This function identifies signature genes for each cell type or cell group in a Seurat object using a co-embedding distance-based approach. It computes the average expression and distance metrics for each gene across different groups, while also considering expression proportions.
find.sig.genes(
seu,
distce.assay = "distce",
ident = NULL,
expr.prop.cutoff = 0.1,
assay = NULL,
genes.use = NULL
)
A Seurat object containing gene expression data.
A character string specifying the assay that contains the distance matrix or distance-related data. Default is "distce".
A character string specifying the column name in the `meta.data` slot of the Seurat object used to define the identities (clusters or cell groups). If `NULL`, the default identities (`Idents(seu)`) will be used. Default is `NULL`.
A numeric value specifying the minimum proportion of cells that must express a gene for it to be considered. Default is 0.1.
A character string specifying the assay to use for expression data. If `NULL`, the default assay of the Seurat object will be used. Default is `NULL`.
A character vector specifying the genes to use for the analysis. If `NULL`, all genes in the `distce.assay` assay will be used. Default is `NULL`.
A list where each element corresponds to a cell group and contains a data frame with the following columns:
The mean distance of the gene across the cells in the group.
The proportion of cells in the group expressing the gene.
The proportion of cells in other groups expressing the gene.
The identity label of the cell group.
The gene name.
None
data(toydata)
seu <- toydata$seu
seu <- ProFAST::pdistance(seu, reduction = "caesar")
#> Calculate co-embedding distance...
sglist <- find.sig.genes(
seu = seu
)
str(sglist)
#> List of 8
#> $ CAFs :'data.frame': 302 obs. of 5 variables:
#> ..$ distance : num [1:302] 23.5 23.5 23.6 23.6 23.6 ...
#> ..$ expr.prop : num [1:302] 0.551 0.644 0.575 0.57 0.302 ...
#> ..$ expr.prop.others: num [1:302] 0.0693 0.1257 0.1257 0.0819 0.051 ...

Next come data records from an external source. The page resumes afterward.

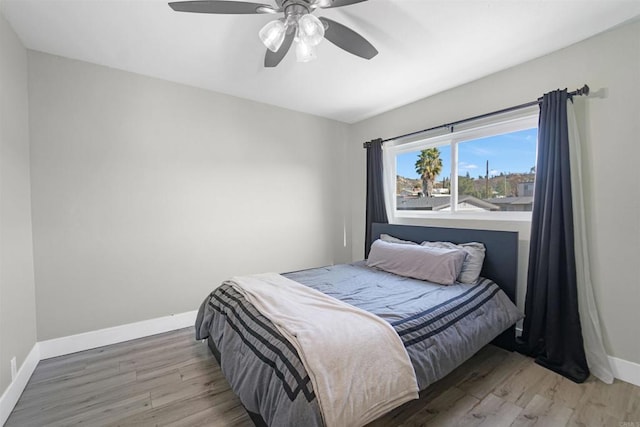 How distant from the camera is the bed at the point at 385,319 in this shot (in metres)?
1.29

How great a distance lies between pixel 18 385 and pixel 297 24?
296cm

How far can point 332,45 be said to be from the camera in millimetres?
2250

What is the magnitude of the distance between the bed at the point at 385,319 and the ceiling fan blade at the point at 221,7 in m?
1.72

#> ..$ label : chr [1:302] "CAFs" "CAFs" "CAFs" "CAFs" ...
#> ..$ gene : chr [1:302] "FBLN1" "CCDC80" "PDGFRA" "PTGDS" ...
#> $ Cancer Epithelial:'data.frame': 302 obs. of 5 variables:
#> ..$ distance : num [1:302] 16.8 16.8 16.8 16.8 16.8 ...
#> ..$ expr.prop : num [1:302] 0.352 0.883 0.903 0.956 0.936 ...
#> ..$ expr.prop.others: num [1:302] 0.0674 0.2273 0.2422 0.3245 0.2845 ...
#> ..$ label : chr [1:302] "Cancer Epithelial" "Cancer Epithelial" "Cancer Epithelial" "Cancer Epithelial" ...
#> ..$ gene : chr [1:302] "LYPD3" "MLPH" "AGR3" "ESR1" ...
#> $ Endothelial :'data.frame': 302 obs. of 5 variables:
#> ..$ distance : num [1:302] 22.9 23 23.1 23.1 23.1 ...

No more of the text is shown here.